FIG. 12 is a side-elevational view of the embodiment shown in FIG. 11;

FIG. 13 is a lateral, cross-sectional view of a fourth preferred embodiment of the present invention;

FIG. 14 is a side-elevational view of the embodiment shown in FIG. 13;

FIG. 15 is a partial lateral, cross-sectional view (looking upwardly) of a drill bit having a fixed, replaceable cutting structure according to the present invention;

FIG. 16 is a side-elevational view of the drill bit of FIG. 15;

FIG. 16A is an enlarged section of a cutting element as mounted in one of the cutting structures of the bit of FIGS. 15 and 16; and

FIG. 17 is an enlarged, partial, quarter-sectional view of a rotationally expandable gage drill bit according to the present invention.

A first preferred embodiment of the drill bit of the present invention, generally indicated by reference numeral 10 in FIG. 1, includes a body 12 and cutting means 14 associated therewith. The drill bit is attachable to the downhole end of conventional drilling apparatus (not shown) such as a string of drill pipe, drill collar or other drilling sub element, including without limitation the output shaft of a downhole motor.

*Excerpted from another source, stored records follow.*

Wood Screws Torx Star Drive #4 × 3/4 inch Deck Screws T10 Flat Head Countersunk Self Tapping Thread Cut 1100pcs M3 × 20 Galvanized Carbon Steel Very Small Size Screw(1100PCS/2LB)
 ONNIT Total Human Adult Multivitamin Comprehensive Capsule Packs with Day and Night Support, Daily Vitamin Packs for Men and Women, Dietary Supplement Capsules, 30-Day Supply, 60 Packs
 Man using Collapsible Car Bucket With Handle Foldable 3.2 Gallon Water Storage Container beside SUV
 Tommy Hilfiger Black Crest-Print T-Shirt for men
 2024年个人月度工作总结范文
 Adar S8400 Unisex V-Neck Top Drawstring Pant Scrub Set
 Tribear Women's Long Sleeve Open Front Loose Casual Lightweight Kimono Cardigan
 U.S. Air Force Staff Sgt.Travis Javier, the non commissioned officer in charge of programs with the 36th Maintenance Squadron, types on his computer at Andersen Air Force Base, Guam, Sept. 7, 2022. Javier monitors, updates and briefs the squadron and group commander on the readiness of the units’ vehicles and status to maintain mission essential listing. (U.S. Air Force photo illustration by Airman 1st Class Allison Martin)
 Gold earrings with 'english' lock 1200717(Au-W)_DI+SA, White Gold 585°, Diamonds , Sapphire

The drill bit 10 may be attached to the drilling apparatus by means of a threaded pin connector 16. Below the pin connector 16 is the shank 18 of the drill bit 10, and below the shank 18 is the chamfer 20.

The outer body diameter 22 of the drill bit 10 generally defines the outermost circumference 24 of bit body 12, which in conventional bits would also define the gage of the bit. However, in the drill bit 10 of the present invention, the bit body 12 is structured to permit variable positioning of movable cutting means 14 between a first, retracted and a second, expanded position, the former in most cases defining a diameter no larger than that of bit body 12, while the latter defines a substantially larger diameter. The second, expanded position of cutting means 14 defines the gage or working diameter of the bit 10 of the present invention. The bit body 12 may preferably be structured to taper inwardly (see FIG. 1) from the outer body diameter 22, the inward taper in combination with the cutting means 14 in the retracted position facilitates lowering the drill bit into the hole, a process commonly known as "tripping in," and facilitates removal of the drill bit from the hole, a process commonly known as "tripping out."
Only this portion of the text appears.